Tokens in the place P QueueII represents the arriving data packets. The arriving data packets are however not buffered for service. As mentioned earlier, if on arrival of a data packet the server is idle, then it is served, otherwise it goes into a virtual orbit. When the place P QueueI is empty, it indicates that the server is idle. Hence, when there is a token in P QueueII but at the same time there is no token in P QueueI (this is taken care by the inhibitor arc from P QueueI to T ServerII in the GSPN), then the transition T ServerII is enabled. The firing of T serverII indicates that a data packet is served. On the other hand, when there is a token in P QueueI , it indicates that the server is busy, and when the server is busy, the arriving data packet goes into the virtual orbit. Hence, when there is a token at both the places P QueueI and P QueueII , then the immediate transition T is enabled. This is taken care of by a guard function f1 on the immediate transition T which restricts its firing. Because of the guard function f1, T will fire only if there is at least one token in P QueueI . The firing of T deposits a token in the place P VirtualOrbit . It is to be noted that there is a single server in the system. However, for modeling simplification, we have used two timed transitions T ServerI and T ServerII to represent the service times of voice packets and data packets, respectively, though they have same service time distribution with same parameter value.
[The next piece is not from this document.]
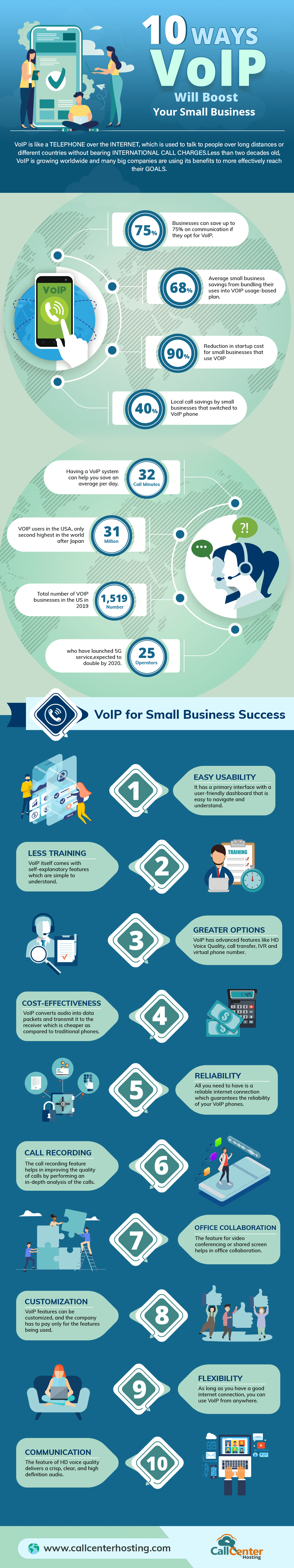 Infographic- Ten Ways VoIP Can Boost Your Small Business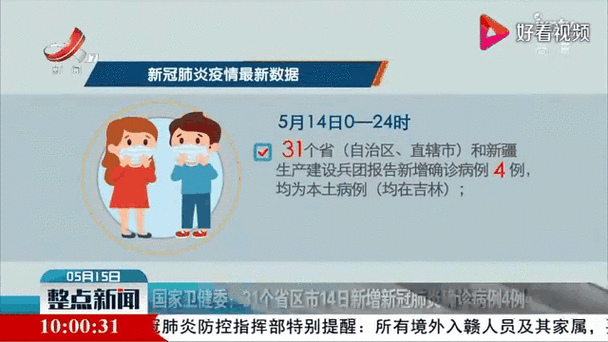 31个省份新增17例本土确诊涉14省/31省份新增确诊14例其中本土9例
Now from the virtual orbit, the data packets keep on retrying for service after an exponential time. This is taken care by the timed transition T Retry which has a mean time of 1/α. The firing of T Retry deposits a token back to P QueueII from where the data packets retry for service. And the process continues. In the next subsection, we will see that how the end-to-end delay is numerically obtained.

3.3 Numerical analysis of end-to-end delay

The GSPN formulation discussed in the previous subsection provides the mean end-to-end delay (or the mean delay) suffered by the packet at the HoL. To compute the mean end-to-end delay of the subsequent packets, we model each station as an M/G/1 queue, with the mean service time to be the mean delay suffered by the HoL packet. We get the mean delay at the GSPN level as follows: The mean delay of the HoL packet at each station, \(\bar{D}_{HoL}\), is the sum of the mean packet holding time and the mean service time undergone by the HoL packet. This can be obtained as follows:

For a place P and for a transition T, let us donate ♯(P) as the average number of tokens in the place P and η T as the average throughput of the transition T, which is defined as the average rate at which tokens are deposited by the transition T in its output places. Following these notations, \(\bar{D}_{HoL}~\mbox{of voice packets~}\) is given by

$$ \bar{D}_{HoL(voice)}= \frac{\sharp(P_{QueueI})}{\eta_{T_{TypeI}}} + \frac{1}{\mu} $$
(1)

where \(\frac{1}{\mu}\) is the mean service time undergone by the HoL packet.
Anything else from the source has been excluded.